Роберт покачал головой.
– Ваше Величество, именно потому, что вы королева, я предлагаю вам как можно скорее выйти замуж. Вы – символ Америки и ее будущего. И учитывая текущую ситуацию…
– Ситуацию?
– Это период перехода и неопределенности. Страна оправилась от смерти вашего отца не так легко, как мы могли надеяться. – В тоне Роберта не произошло никаких изменений, не послышалось ни единой эмоции. – Фондовый рынок пострадал. Конгресс поставлен в безвыходное положение. Несколько иностранных послов подали прошение об отставке. Всего несколько, – добавил он, увидев выражение ее лица. – Но свадьба станет объединяющим событием для всех в стране.
Беатрис поняла, что скрывается за этими словами. Теперь она была королевой Америки – и Америку охватил страх.
Слишком молодая, неопытная правительница. Но прежде всего Беатрис была женщиной. Пытающейся управлять страной, которой всегда руководили мужчины.
Если сейчас в Америке царила нестабильность, именно Беатрис была причиной этого.
Прежде чем она успела ответить, двойные двери гостиной распахнулись.
– Беатрис! Вот ты где.
На пороге стояла мама. Аделаида выглядела элегантно даже в дорожной одежде – узких темно-синих брюках и бледно-голубом свитере, – хотя теперь они сидели свободнее, чем раньше.
Горе давило ей на плечи, точно тяжелый плащ.
При виде Роберта королева Аделаида заколебалась.
– Извините, я не хотела прерывать вас.
Камергер поднялся на ноги.
– Ваше Величество, присоединяйтесь к нам. Мы как раз обсуждали свадьбу.
Аделаида повернулась к Беатрис и с особой теплотой в голосе спросила:
– Вы с Тедди назначили дату?
– На самом деле… Я не уверена, что готова выйти замуж. – Беатрис умоляюще посмотрела на маму. – Все слишком быстро. Разве ты не думаешь, что нам следует подождать какое-то время, чтобы оправиться от потери?
– О, Беатрис, – Аделаида с тяжелым вздохом опустилась на диван. – Мы никогда не перестанем горевать. Ты это знаешь, – мягко добавила она. – Со временем боль может стать меньше, но это не значит, что мы когда-нибудь перестанем чувствовать утрату. Мы просто научимся с ней жить.
Роберт энергично закивал.
Беатрис пыталась не обращать на него внимания.

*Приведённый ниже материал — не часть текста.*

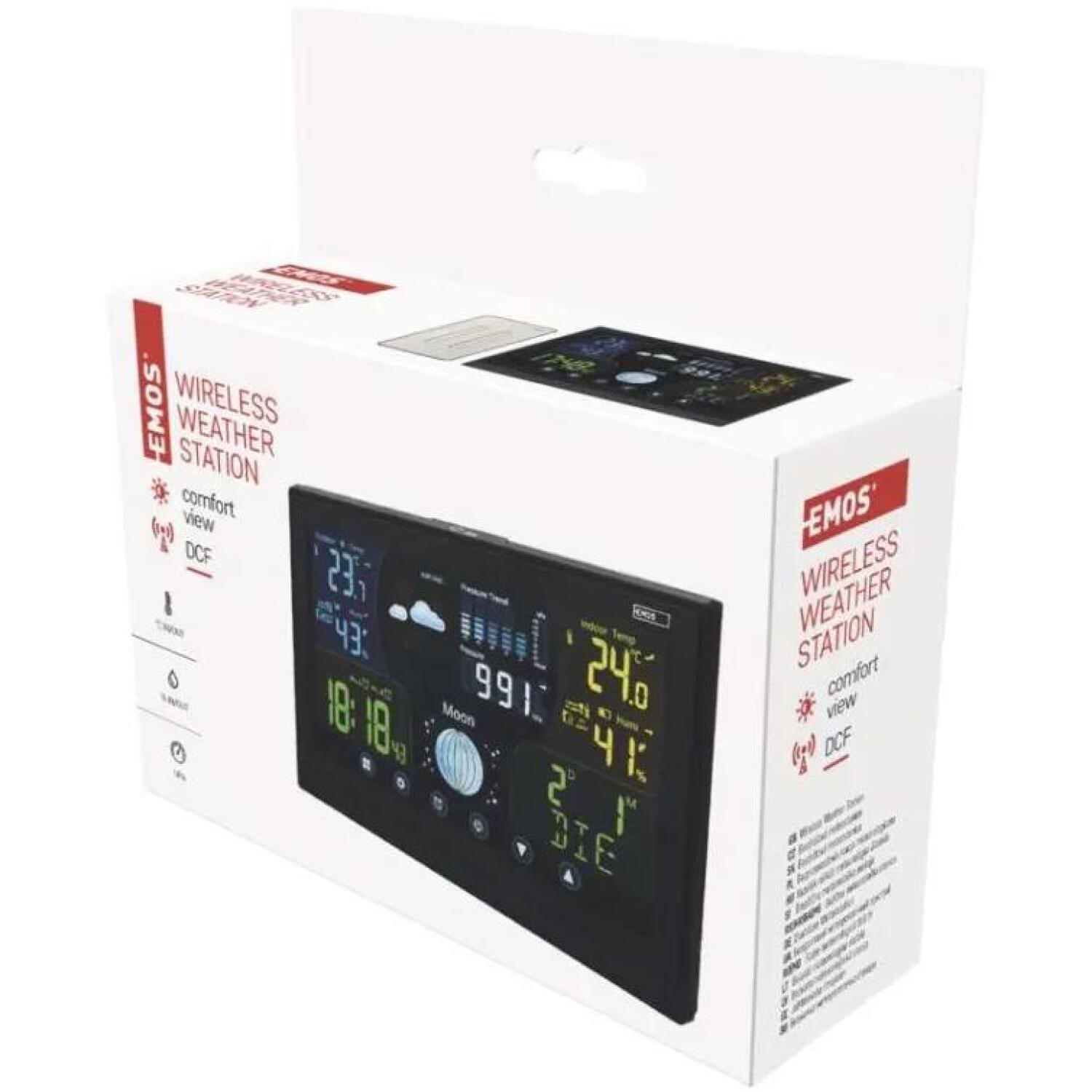 Emos Домашняя беспроводная метеостанция E6018, 2x1,5V AAA, 3x1,5V AAA, 100m, 433MHz, DCF, LED подсветка (E6018)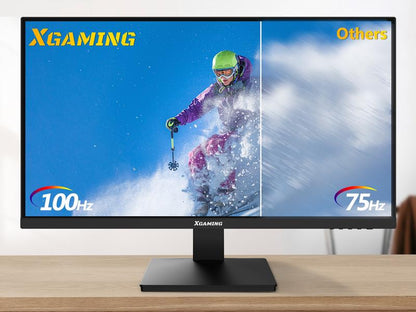 27 Inch Computer Monitor 100Hz FHD,1920 X 1080P Gaming Monitor with HDMI VGA Display Ports,3Ms Response,Dual Speakers,Freesync,100×100Mm VESA Mount,Ips Screen for Gaming Home Office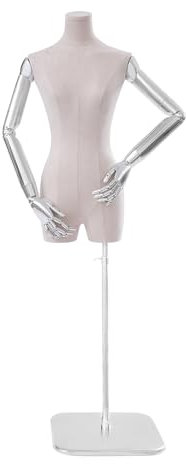 HuKaiL Schneiderpuppe, Schaufensterpuppe Weiblich Bügelpuppe mit Verstellbar Höhe 120-210cm, Abnehmbare Torso Annequin mit Wildleder Stoff für Ausstellen Kleidung, Silber+Beige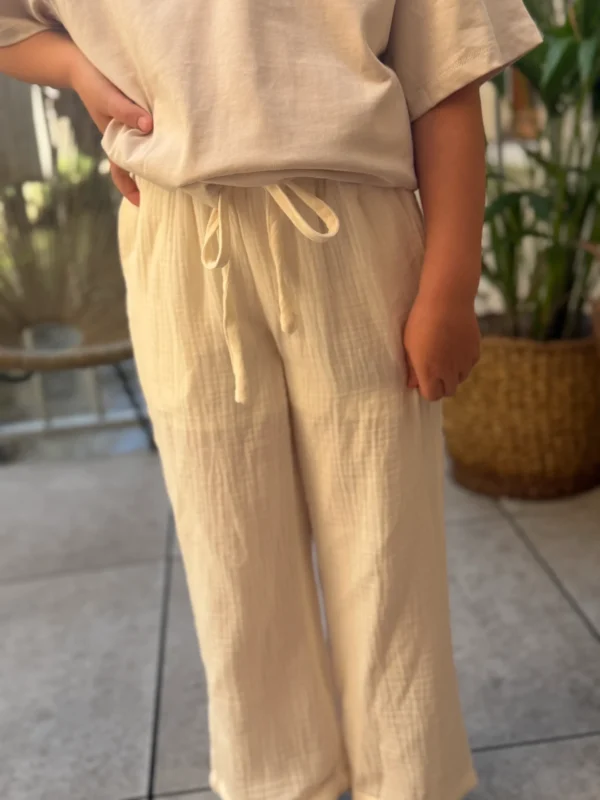 Pantalon gaze coton doublé écru marine enfant | Dream By C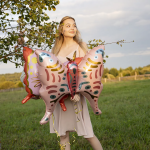 Шар (36''/91 см) Фигура, Бабочка, Розовый, 1 шт., 23514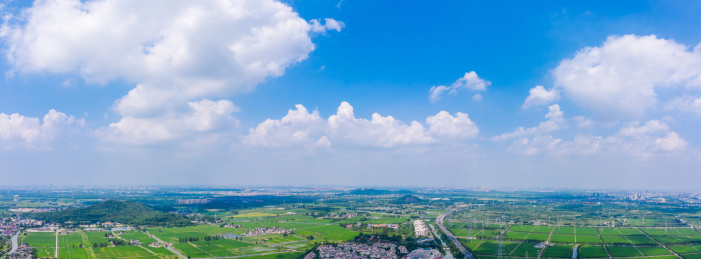 中国上海郊区航拍全景图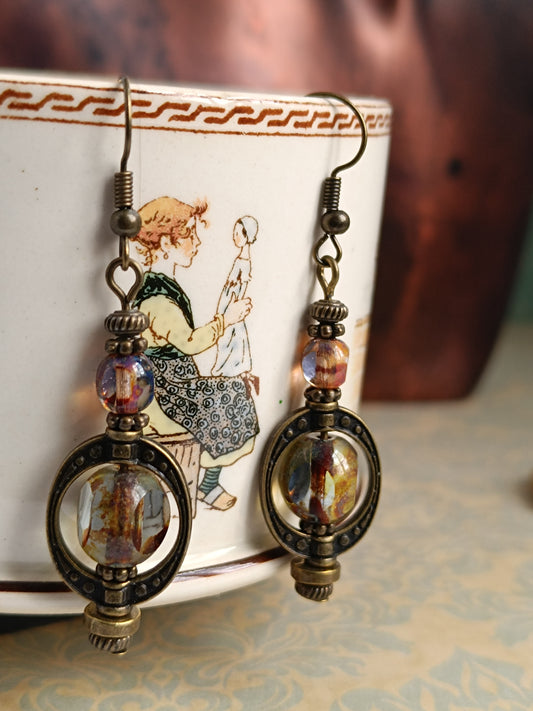 Boucles d'oreilles pendantes bohème perle de verre tchèque Saturne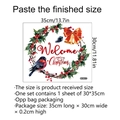 Weihnachtskranz Wandtattoo mit Stechpalmenblättern, roten Beeren und Merry Christmas - 30*35cm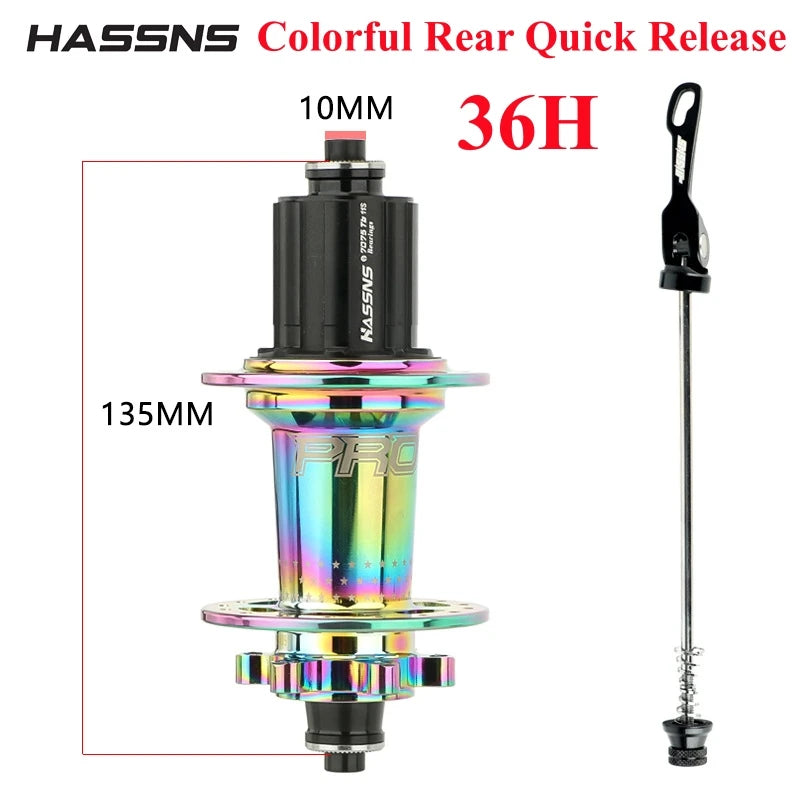 HASSNS Pro 7 36h Rear Hub Bearing 36Holes Freehub MTB Bike Four Palin 32H Rear Hub for 7-12 Speed Noisy Cube Bicycle 6 Pawl Hubs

– Нам всем сейчас не помешал бы какой-нибудь повод для счастья, для праздника. Не только Америке, но и нашей семье. – В глазах Аделаиды блеснула тоска. Она любила мужа всей душой, и теперь, когда он ушел, казалось, перенесла свою любовь на старшую дочь – союз Беатрис и Тедди стал для Аделаиды единственным источником надежды.
– Сейчас эта свадьба нужна нам как никогда, – вмешался Роберт.
Беатрис беспомощно переводила взгляд с одного собеседника на другого.
– Я понимаю, но… мы с Тедди так мало знаем друг друга.
Королева Аделаида вздрогнула.
– Беатрис. Ты передумала?
Беатрис посмотрела на обручальное кольцо на левой руке. Она носила его весь месяц лишь по привычке. Когда Тедди дал ей кольцо, это казалось сначала неправильным, но в какой-то момент Беатрис, должно быть, просто привыкла.
Это наглядно доказывало, что со временем действительно можно привыкнуть ко всему.
Кольцо было прекрасным – крупный бриллиант на ободке из белого золота. Более ста лет назад он принадлежал королеве Терезе, но теперь его так искусно отполировали, что любые повреждения померкли за сиянием.
Чем-то кольцо напоминало саму Беатрис.
Она вдруг поняла, что Роберт и мама ждут ответа.
– Я просто… Я скучаю по отцу.
– О, милая. Я знаю. – Слеза скатилась по щеке Аделаиды, оставляя одинокий след туши.
Она никогда не плакала – по крайней мере, на людях. Даже на похоронах сдерживала свои эмоции, пряча их за выражением бледного решительного стоицизма. Мать всегда говорила Беатрис, что королева должна проливать слезы наедине с собой, чтобы, когда придет время предстать перед нацией, она могла бы выступить источником силы. Вид этой слезы представлял такое же ошеломляющее и сюрреалистичное зрелище, как если бы одна из мраморных статуй в дворцовом саду начала плакать.